If taking to the roads is unavoidable, some businesses and organisations are starting to downsize or cut their fleets altogether, instead joining car clubs and daily rental schemes.

Integrated points-based mobility management systems, giving access to a variety of vehicles for different tasks, tickets for public transport and perhaps even incentives for walking and cycling, are also on their way to the UK.


Powering future vehicles

Fuel cell cars are still only in the field trial stages, but as hydrogen becomes more readily available as a fuel, this highly energy-efficient technology will be a further alternative. A fuel cell contains electrodes and a film of electrolyte fluid. As the cell takes in oxygen, the hydrogen is catalysed and broken down, releasing electrical energy, with the only by-product being water vapour.

On-board storage of pure hydrogen has been an issue, as it needs to be compressed and contained at very high pressures. Some prototypes have instead carried hydrogen-rich substances, such as methanol or ethanol, from which the hydrogen is then extracted in a reformer. Safe refuelling practices and strong fuel tanks are being developed, and cars such as the Honda FCX Clarity and Hyundai ix35 FCEV have been through rigorous crash-testing.

In the long term, hydrogen has been hailed as “the fuel of the future” as fuel cell cars have all the zero-emissions benefits of EVs and the range of internal combustion engine cars, but do not need heavy, bulky batteries nor a dedicated recharging infrastructure.

At the moment, there is just one hydrogen refuelling station in the UK open to the public – at the Honda production plant in Swindon – and fuel cell vehicles are not available for general sale. However, a small number are taking part in trials with selected fleets.


What's in a Label?

From November, new tyres will bear a label similar to the energy-saving-rating labels that can be found on white goods such as fridges and washing machines. New European legislation (Regulation 1222/2009) will require that any tyre sold in the UK comes with a label measuring its impact on the environment.
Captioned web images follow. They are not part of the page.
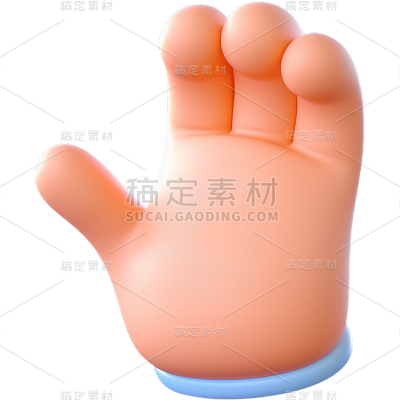 通用卡通感3D立体C4D手部手势元素素材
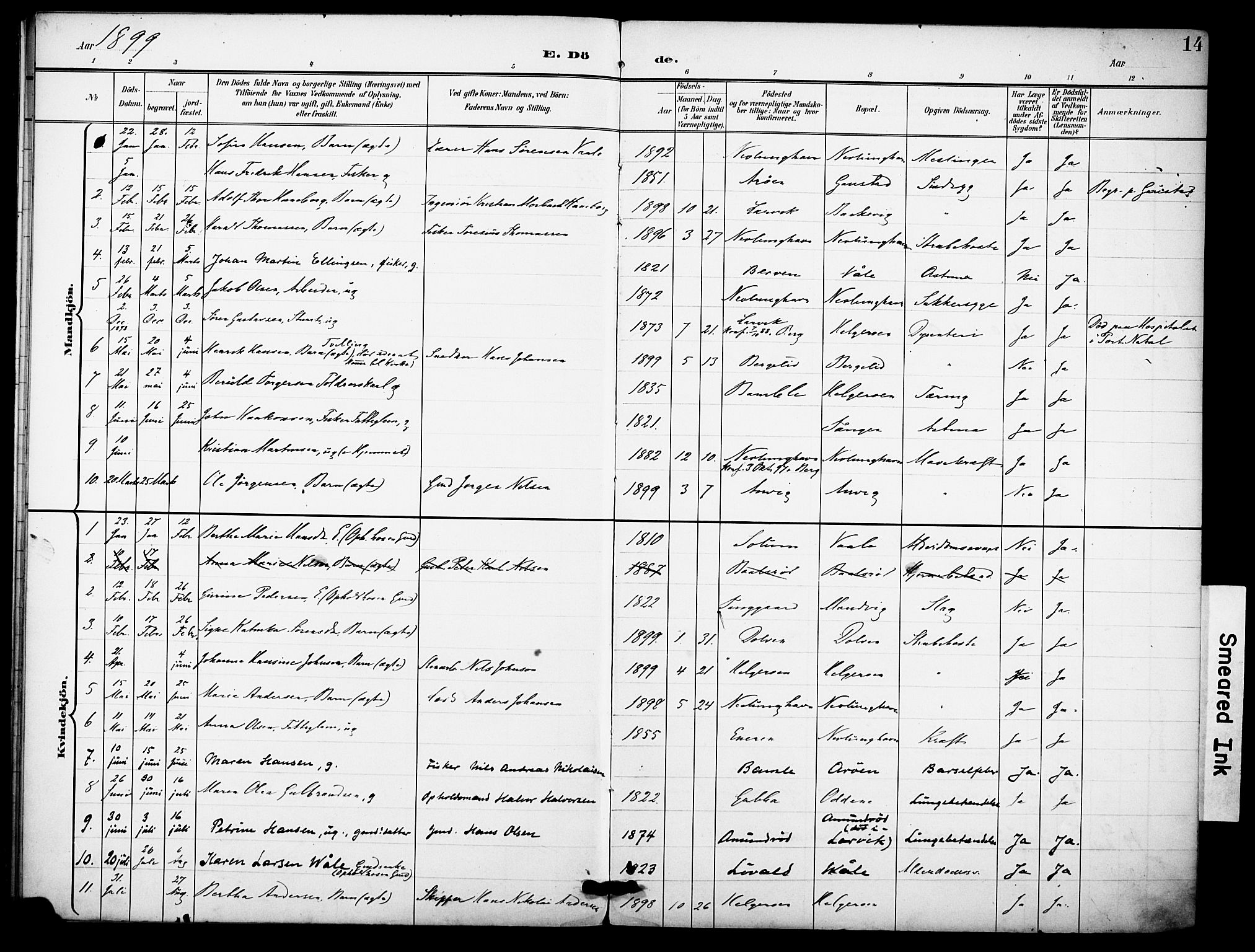 Brunlanes kirkebøker, SAKO/A-342/F/Fb/L0002: Parish register (official) no. II 2, 1895-1899, p. 14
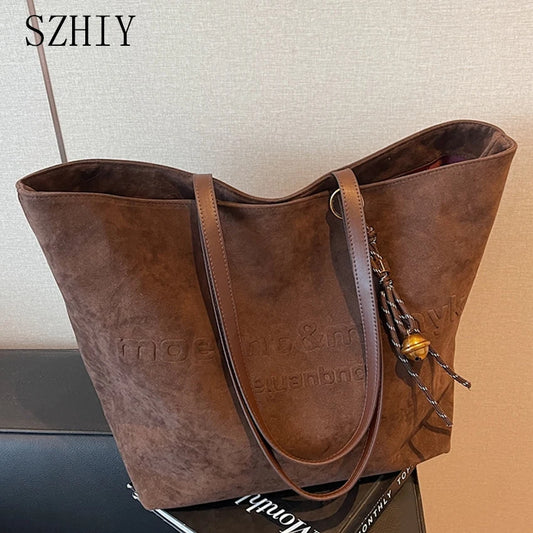 Suede Tote Bag Fashionable Women Shoulder Bag, Designer for Travel Large Capacity Shopping Pocket Office Briefcase New Sac Luxe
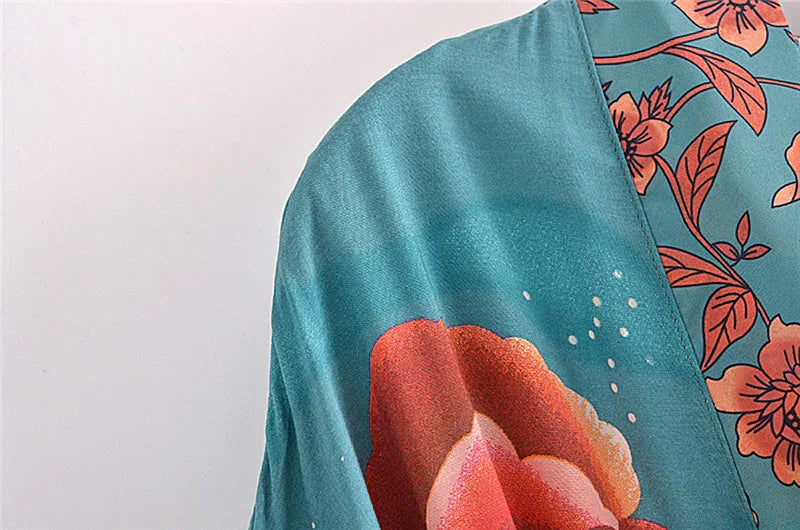 Women Star Floral Print Bat Sleeve Beach Kimono Dresses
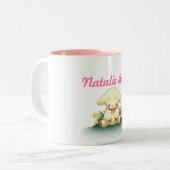 Personalisierte niedliche Lamm-Tasse - Rosa Zweifarbige Tasse (Vorderseite Links)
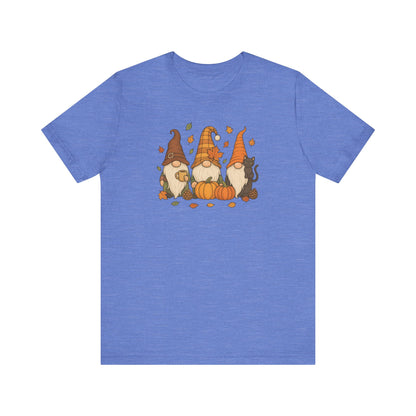 Autumn Gnome Trio T-Shirt | Fall Pumpkin Leaves Tee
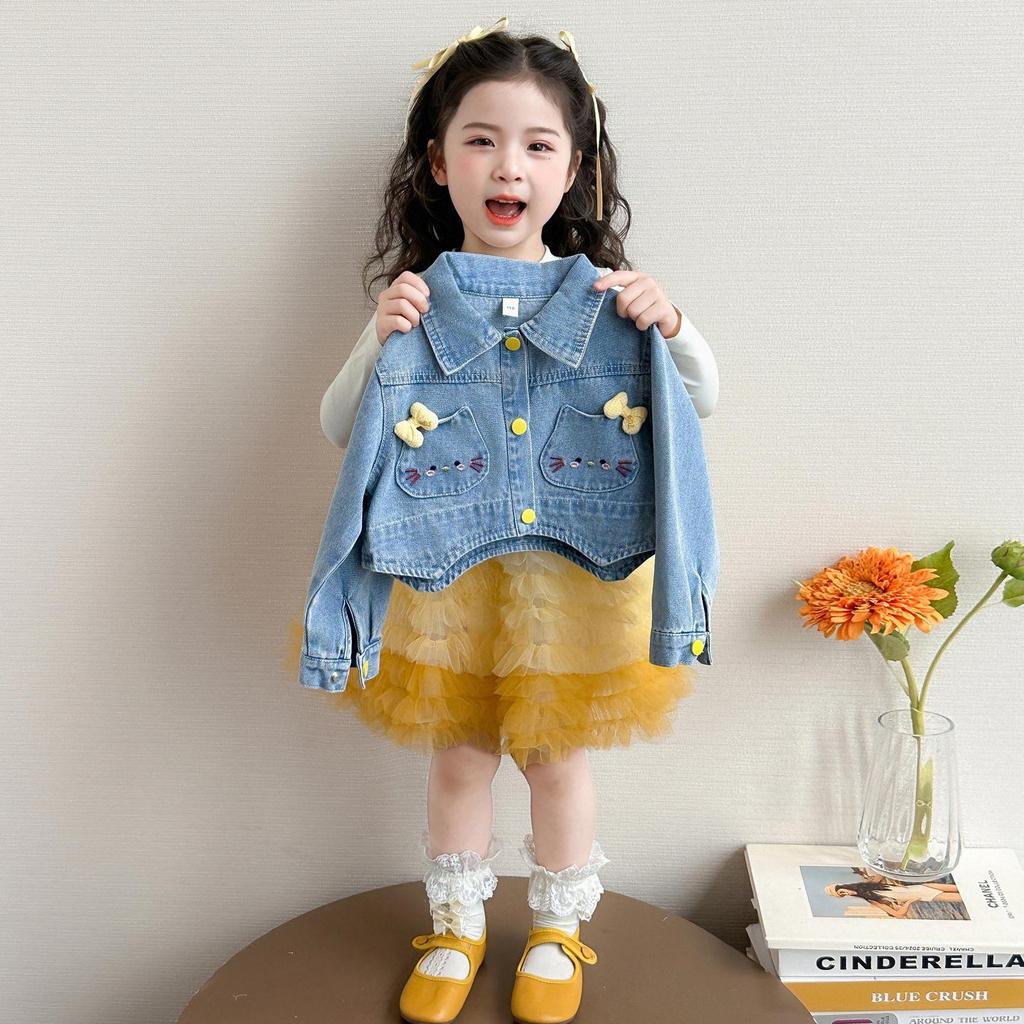 Spring Girls' Cat Denim Princess Dress Set - Baby Puffy Skirt Two-Piece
Tyre labels will contain three pieces of information. First, like white goods labels, they will demonstrate the fuel efficiency of the tyre using a categorisation system running from A to G. The category letter will be displayed on the label and each category will link to a colour, also on the label. A is bright green, G is dark red.

The greener the category rating the higher the fuel efficiency of the tyre and the lower its environmental impact. Second, tyre labels will offer information on wet braking distances so that motorists can be sure they are buying a safe tyre if they select one that is also highly environmentally friendly. The third piece of information will be the noise levels of each tyre at speed, measured in decibels.

So what makes a tyre “green” and why do tyres impact the fuel efficiency of a vehicle? As tyres roll along the road they deform to accommodate changes in the road surface. As the tyres deform they release energy in the form of heat. This energy comes from the engine and can account for up to 25% of all fuel used.

The majority of this is to overcome the resistance of the tyres alone, so accounts for no distance travelled and therefore, on average, one in every four visits to the fuel pumps only covers getting the tyres moving from standstill.

The new breed of “green tyres” contains a high percentage of neodymium polybutadiene rubber – a synthetic rubber that has been specifically designed to retain more of the energy that is usually released by tyre deformation, reducing energy consumption and therefore fuel consumption. So small changes to the materials in a tyre can have a massive impact on fuel and environmental efficiency.

Buying green tyres thus reduces fuel consumption and produces less carbon dioxide. Research from the University of Munich suggests that, on average, a family car travelling 20,000 miles a year can reduce its carbon emissions by up to 300kg and drop its annual fuel bills by up to £250 by switching to a set of A-rated green tyres.

The figures suggest that tyre labelling, if used properly, will have a significant impact on both the environment and our wallets.